Genau wie sich dem Zuschauer durch den medienkritischen Blick der Dokumentation aktuelle Querverbindungen beinahe aufdrängen, gilt das auch für die politischen Statements des Stars. Eine Kritik am Establishment ist dabei, ebenso die Beschwerde, dass seine Aussagen ja doch nicht so gedruckt würden.

An dieser Stelle jedoch ist dem Zuschauer eine wirklich kritische Auseinandersetzung kaum möglich. Denn die Kehrseite des Verzichts auf jeden Kommentar liegt auf der Hand: eine klare, differenzierte Aussage über einen ambivalenten Menschen und seine politischen Äußerungen ist rein durch das Mittel der Montage kaum zu erreichen. Auch die Vorwürfe der Ausbeutung gegen Zappa von Seiten seiner Angestellten hört man hier vor allem aus Fragen der Journalisten heraus.

Wie Regisseur Thorsten Schütte im Odeon erzählt, war Gail Zappa, die Witwe und Erbin der Rechte Zappas, berüchtigt für die Strenge, mit der sie mögliche Veröffentlichungen autorisierte. Für diesen Film ist Schütte aber der wichtige Schritt gelungen, das Recht zum Final Cut zu erlangen – nachdem er über Jahre immer wieder nach Amerika reiste, „um Kuchen zu essen“.

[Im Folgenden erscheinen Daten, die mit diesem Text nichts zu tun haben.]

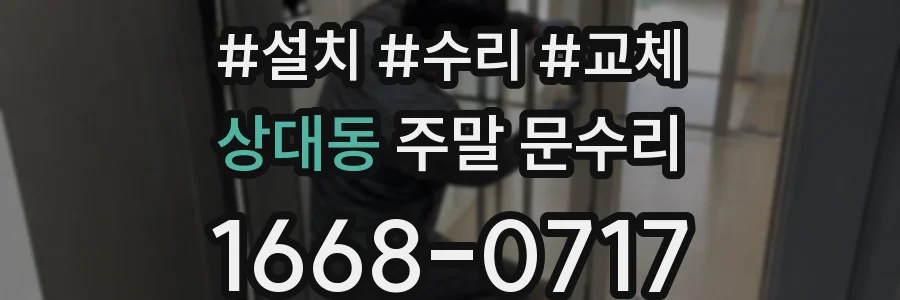 상대동 주말 문수리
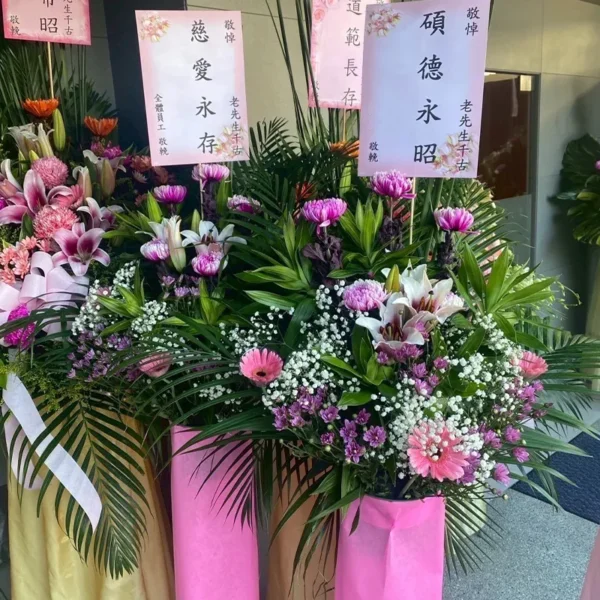 告別式花籃D_榛馨花藝版權所有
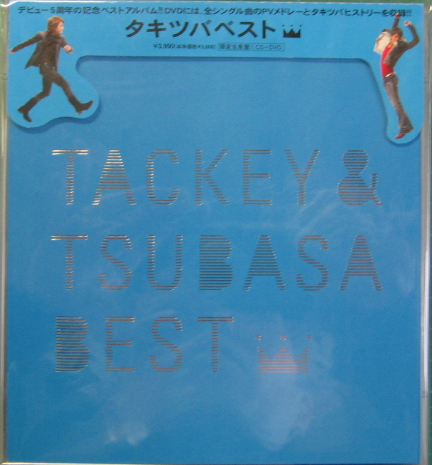 タッキー アンド 翼 ストア ベスト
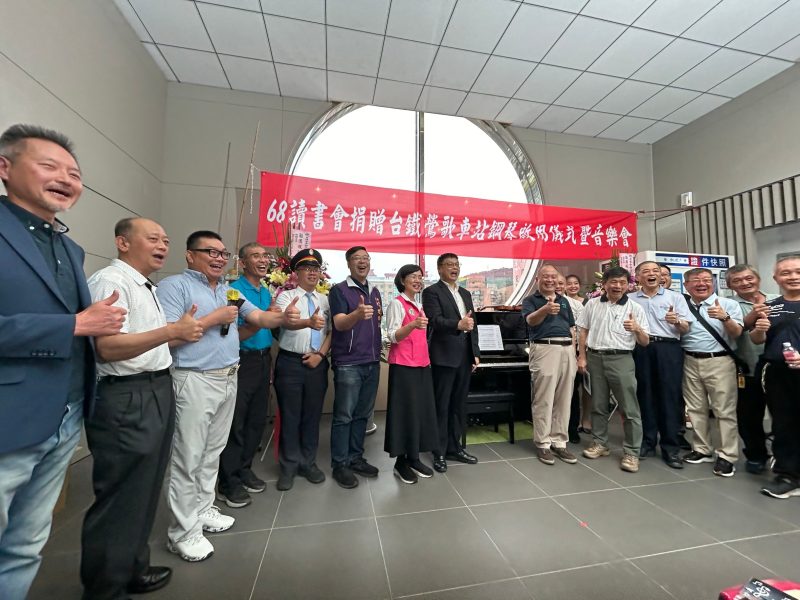 圖/交通部提供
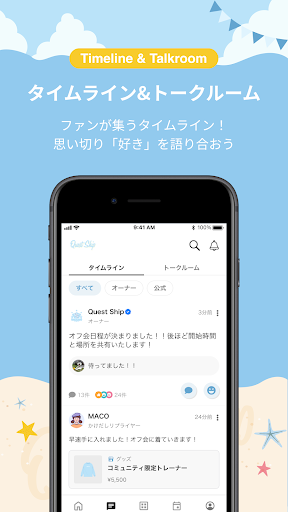 Quest Ship公式FC Screen 2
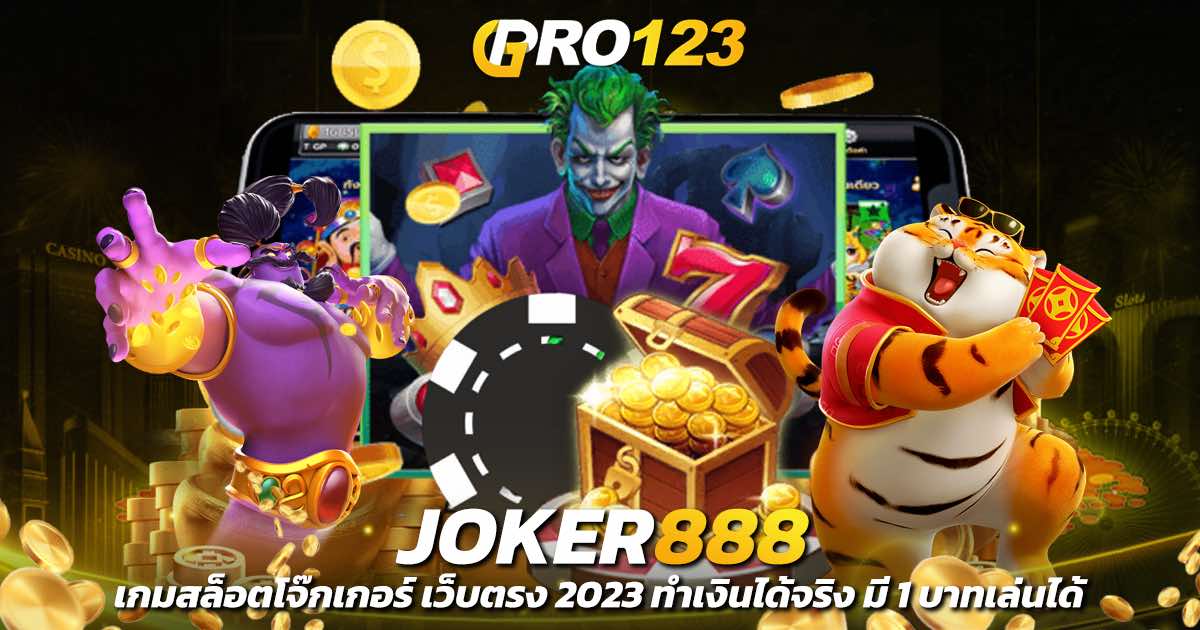JOKER888 เกมสล็อตโจ๊กเกอร์ เว็บตรง 2023 ทำเงินได้จริง มี 1 บาทเล่นได้
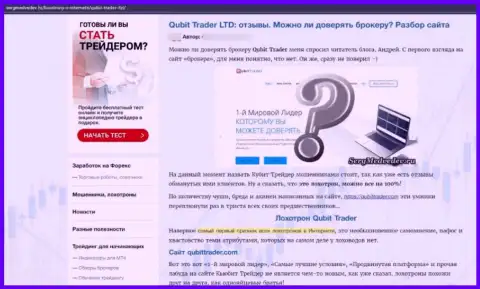 Советуем обходить Qubit-Trader Com за версту, с данной организацией Вы не сумеете заработать (статья с анализом)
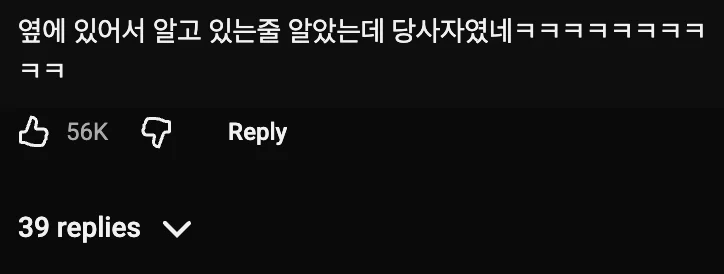 지예은이 탁재훈의 전화를 받고 오열한 이유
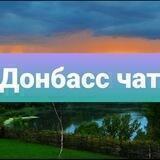 Донбасс чат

„Frank Zappa – Eat that Question“ ist der Film über einen Star, der heute – vielleicht wegen dieser strengen Rechteverwaltung – gerade den Jüngeren nicht mehr viel sagt. Zur fälligen (Wieder-)Entdeckung liefert diese Zusammenstellung von Archivaufnahmen sicher einen wichtigen Beitrag. Eine spannende Erzählung gelingt dem Dokumentarfilm mühelos auch ohne Kommentar. Und er gewinnt natürlich an Nähe zu seiner Hauptfigur.

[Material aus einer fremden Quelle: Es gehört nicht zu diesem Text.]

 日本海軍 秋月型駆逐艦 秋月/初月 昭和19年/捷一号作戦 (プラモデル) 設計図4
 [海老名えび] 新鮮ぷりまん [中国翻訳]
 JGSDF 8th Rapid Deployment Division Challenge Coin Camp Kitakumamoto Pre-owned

Bei der Premiere des Films auf dem Sundance Filmfestival – schon für sich eine Auszeichnung für einen deutschen Film – wurde ihm dann bewusst, so Schütte, dass hier Großeltern ihre Enkel mit ins Kino bringen. „Uns ist da wohl unabsichtlich ein Familienfilm gelungen.“ Und das bei den Songtexten – ganz erstaunlich.